After the bloc retaliated against the metal tariffs with duties of its own on a slew of American products and vowed to react the same way should the U.S. target the European auto industry, Trump and Juncker pledged to work toward scaling back transatlantic trade barriers.
“Unfortunately, we have not seen much movement on that agenda,” said Hogan, who is currently the EU’s agriculture commissioner. “I will be open to the rapid resolution of trade disputes with my U.S. counterpart.”
Complicating the picture is an imminent World Trade Organization decision allowing the U.S. to hit nearly $8 billion of European goods with tariffs as retaliation over illegal aid by EU governments to plane manufacturer Airbus SE.
The EU expects to have a chance to respond to the expected U.S. tariffs over subsidies to Airbus next year, when the Geneva-based WTO is due to fix the level of countermeasures that the bloc can take in a related case over unlawful subsidies to Boeing Co.

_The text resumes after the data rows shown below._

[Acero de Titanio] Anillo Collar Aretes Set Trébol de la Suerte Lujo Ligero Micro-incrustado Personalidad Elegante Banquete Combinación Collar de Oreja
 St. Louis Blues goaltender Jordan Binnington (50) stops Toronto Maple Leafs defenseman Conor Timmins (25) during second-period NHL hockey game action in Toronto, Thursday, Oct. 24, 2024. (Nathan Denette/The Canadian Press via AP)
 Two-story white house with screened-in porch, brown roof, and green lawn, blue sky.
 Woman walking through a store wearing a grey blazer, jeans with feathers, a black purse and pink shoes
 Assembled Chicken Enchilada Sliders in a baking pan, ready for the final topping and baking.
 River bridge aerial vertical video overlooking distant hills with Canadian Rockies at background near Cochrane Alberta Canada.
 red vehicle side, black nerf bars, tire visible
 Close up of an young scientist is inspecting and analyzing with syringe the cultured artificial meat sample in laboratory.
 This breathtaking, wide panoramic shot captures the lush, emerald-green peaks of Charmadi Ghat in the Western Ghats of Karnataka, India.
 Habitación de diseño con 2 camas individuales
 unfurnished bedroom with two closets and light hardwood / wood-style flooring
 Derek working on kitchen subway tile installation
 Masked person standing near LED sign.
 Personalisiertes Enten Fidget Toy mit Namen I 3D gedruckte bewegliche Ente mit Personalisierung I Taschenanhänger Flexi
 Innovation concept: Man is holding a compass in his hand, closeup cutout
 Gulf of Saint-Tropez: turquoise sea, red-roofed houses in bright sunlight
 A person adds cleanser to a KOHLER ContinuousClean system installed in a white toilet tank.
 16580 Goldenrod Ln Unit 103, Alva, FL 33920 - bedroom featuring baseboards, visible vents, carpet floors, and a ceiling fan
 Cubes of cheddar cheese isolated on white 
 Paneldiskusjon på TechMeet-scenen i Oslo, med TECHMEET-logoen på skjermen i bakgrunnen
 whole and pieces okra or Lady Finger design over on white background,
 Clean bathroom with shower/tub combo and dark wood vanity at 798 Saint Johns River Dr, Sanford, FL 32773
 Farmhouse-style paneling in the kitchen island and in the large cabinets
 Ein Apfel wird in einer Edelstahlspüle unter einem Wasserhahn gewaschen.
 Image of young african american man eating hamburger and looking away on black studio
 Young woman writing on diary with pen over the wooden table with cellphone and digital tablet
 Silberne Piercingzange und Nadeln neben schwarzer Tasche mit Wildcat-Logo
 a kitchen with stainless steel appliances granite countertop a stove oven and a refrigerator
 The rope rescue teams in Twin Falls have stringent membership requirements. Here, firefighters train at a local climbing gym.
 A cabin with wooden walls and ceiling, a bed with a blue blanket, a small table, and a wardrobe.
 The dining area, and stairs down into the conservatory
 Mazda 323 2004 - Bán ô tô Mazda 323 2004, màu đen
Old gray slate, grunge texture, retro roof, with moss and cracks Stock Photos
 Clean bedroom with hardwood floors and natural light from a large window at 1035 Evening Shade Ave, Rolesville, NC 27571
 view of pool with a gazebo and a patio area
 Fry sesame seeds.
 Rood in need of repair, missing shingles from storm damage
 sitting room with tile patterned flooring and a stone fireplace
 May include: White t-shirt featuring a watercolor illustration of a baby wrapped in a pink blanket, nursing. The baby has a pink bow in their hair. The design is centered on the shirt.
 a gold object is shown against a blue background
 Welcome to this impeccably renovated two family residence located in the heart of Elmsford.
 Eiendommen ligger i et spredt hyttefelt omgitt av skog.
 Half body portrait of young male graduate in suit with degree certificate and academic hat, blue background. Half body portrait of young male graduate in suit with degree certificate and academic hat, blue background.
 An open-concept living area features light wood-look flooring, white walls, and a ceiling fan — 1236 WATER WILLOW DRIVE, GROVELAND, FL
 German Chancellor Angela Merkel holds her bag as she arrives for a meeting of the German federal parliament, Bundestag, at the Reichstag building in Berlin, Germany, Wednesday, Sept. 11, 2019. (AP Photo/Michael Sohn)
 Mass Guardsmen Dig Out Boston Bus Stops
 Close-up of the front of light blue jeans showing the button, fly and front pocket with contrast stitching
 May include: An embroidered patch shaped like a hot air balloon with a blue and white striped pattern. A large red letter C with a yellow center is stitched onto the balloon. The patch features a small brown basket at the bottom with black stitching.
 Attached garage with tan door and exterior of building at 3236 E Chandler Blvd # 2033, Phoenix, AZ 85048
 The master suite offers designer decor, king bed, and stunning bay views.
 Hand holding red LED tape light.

Hogan expressed support for proposals that Malmstrom has made to resolve the whole dispute over aircraft aid with the U.S. He also repeated the bloc’s readiness to retaliate in turn should no negotiated deal be reached.
“It doesn’t make sense that, when we have as the European Union put forward constructive solutions to the problem that is before us, that the United States would retaliate in some particular way seeing that they would have to deal with the issue if it goes badly wrong for them on Boeing,” Hogan said. “Europe has to stand up for itself as well in terms of the products that we will identify in return.”
He vowed to pursue EU efforts to uphold the global commercial order underpinned by the WTO and to confront protectionist policies around the globe. The world needs trade “rules rather than the law of the jungle,” Hogan said.
“We must stand up against protectionism where it occurs,” he said. “The WTO is facing its deepest crisis since its creation.”